Cineworld shares set to slump after AMC-Universal deal
Shares in the world’s second largest cinema chain look likely to return to March lows after AMC Entertainment and Universal pictures sign deal that reduces films run times in theatres
Shares in Cineworld look likely to return to March lows after AMC Entertainment and Universal Pictures sign deal that reduces films run times in theatres – overhauling an old business model that could hurt cinemas earnings.
The deal essentially shortens the exclusivity of all films produced by Universal Pictures and Focus Features from 75 days in theatres to just 17days, after which the studio is allowed to screen its titles across premium on demand (PVOD) platforms like Netflix, Amazon Prime Video, Disney+ and Hulu.
This new arrangement means that film fans will only have to wait a two and half weeks rather than months to watch their favourite movies from the comfort of their home, which could see the popularity of cinemas wane.
‘The theatrical experience continues to be the cornerstone of our business,’ Universal Pictures chair Donna Langley said in a statement.

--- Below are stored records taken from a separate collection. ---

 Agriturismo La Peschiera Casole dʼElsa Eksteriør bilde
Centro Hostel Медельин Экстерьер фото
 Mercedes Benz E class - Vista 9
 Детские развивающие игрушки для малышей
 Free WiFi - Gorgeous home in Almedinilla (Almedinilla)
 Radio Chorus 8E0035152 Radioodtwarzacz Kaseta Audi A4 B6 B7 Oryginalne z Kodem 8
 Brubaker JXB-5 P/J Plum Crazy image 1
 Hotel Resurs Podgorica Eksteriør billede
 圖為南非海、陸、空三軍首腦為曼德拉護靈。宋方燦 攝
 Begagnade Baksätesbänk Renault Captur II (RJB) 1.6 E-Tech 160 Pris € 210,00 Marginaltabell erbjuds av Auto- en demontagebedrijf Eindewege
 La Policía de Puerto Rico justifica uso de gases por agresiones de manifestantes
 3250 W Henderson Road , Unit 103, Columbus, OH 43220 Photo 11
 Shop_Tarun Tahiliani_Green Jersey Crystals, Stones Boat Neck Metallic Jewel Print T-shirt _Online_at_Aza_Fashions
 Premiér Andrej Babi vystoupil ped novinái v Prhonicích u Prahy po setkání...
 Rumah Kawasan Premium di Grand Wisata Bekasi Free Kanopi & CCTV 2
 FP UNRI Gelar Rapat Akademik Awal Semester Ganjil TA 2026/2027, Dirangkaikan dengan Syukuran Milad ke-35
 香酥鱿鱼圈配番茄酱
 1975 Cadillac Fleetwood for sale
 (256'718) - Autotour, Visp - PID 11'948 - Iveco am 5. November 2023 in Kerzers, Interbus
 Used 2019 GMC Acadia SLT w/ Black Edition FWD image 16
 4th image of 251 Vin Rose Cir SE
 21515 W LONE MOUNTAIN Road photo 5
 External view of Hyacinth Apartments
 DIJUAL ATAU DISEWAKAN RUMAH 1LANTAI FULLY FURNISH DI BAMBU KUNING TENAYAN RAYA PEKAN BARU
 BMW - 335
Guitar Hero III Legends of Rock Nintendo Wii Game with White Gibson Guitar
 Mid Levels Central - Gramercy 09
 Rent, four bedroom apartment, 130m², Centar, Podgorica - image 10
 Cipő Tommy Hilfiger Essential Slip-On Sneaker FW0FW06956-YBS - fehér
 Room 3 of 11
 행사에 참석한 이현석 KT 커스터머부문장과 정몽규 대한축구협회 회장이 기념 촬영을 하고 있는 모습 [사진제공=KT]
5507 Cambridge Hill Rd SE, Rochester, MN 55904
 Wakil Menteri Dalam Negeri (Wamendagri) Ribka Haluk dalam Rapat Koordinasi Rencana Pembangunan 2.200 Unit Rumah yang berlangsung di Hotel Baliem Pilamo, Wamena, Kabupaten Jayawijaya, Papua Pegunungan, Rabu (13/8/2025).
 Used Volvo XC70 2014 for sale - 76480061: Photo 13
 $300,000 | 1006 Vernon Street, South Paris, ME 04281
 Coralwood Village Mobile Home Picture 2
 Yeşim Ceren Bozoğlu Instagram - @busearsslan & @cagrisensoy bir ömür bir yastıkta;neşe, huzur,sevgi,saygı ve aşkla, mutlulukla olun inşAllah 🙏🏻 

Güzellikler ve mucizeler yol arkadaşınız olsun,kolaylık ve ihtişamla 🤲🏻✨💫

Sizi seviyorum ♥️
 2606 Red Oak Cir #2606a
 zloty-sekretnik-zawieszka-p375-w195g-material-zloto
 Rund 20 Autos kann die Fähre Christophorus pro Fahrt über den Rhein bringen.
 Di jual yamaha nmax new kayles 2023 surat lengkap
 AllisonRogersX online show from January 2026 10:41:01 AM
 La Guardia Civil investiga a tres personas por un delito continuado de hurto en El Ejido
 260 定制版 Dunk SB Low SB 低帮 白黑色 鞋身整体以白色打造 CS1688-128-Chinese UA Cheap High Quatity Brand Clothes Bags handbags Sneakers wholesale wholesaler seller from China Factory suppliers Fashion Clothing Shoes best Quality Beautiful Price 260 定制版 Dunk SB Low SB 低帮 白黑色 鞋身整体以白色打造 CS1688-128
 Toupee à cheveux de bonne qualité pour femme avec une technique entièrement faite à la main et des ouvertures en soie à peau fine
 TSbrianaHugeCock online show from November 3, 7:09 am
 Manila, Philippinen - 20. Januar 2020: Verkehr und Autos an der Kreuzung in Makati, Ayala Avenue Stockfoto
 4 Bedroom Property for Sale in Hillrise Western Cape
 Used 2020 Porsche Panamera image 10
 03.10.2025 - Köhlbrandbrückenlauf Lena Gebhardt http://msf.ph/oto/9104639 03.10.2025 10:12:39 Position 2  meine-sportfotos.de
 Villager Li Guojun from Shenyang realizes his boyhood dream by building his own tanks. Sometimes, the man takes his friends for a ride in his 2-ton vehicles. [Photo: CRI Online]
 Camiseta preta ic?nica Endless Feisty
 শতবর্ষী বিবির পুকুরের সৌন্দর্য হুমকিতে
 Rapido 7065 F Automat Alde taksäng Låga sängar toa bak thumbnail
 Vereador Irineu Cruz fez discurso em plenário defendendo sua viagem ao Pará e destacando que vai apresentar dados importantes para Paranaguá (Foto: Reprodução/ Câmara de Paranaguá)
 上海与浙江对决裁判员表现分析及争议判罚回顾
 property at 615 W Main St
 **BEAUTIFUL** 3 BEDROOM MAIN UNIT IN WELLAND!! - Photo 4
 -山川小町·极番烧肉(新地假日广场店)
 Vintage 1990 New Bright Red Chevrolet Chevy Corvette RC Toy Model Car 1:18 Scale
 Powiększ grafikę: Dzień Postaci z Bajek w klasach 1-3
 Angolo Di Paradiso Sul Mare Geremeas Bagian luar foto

‘The partnership we’ve forged with AMC is driven by our collective desire to ensure a thriving future for the film distribution ecosystem and to meet consumer demand with flexibility and optionality,’ she added.
AMC-Universal deal represents ‘paradigm shift’, says Morgan Stanley
The new deal between AMC Entertainment and Universal Pictures is the ‘crystallisation’ of the worst case scenario for Cineworld, according to a recent note from analysts at Morgan Stanley.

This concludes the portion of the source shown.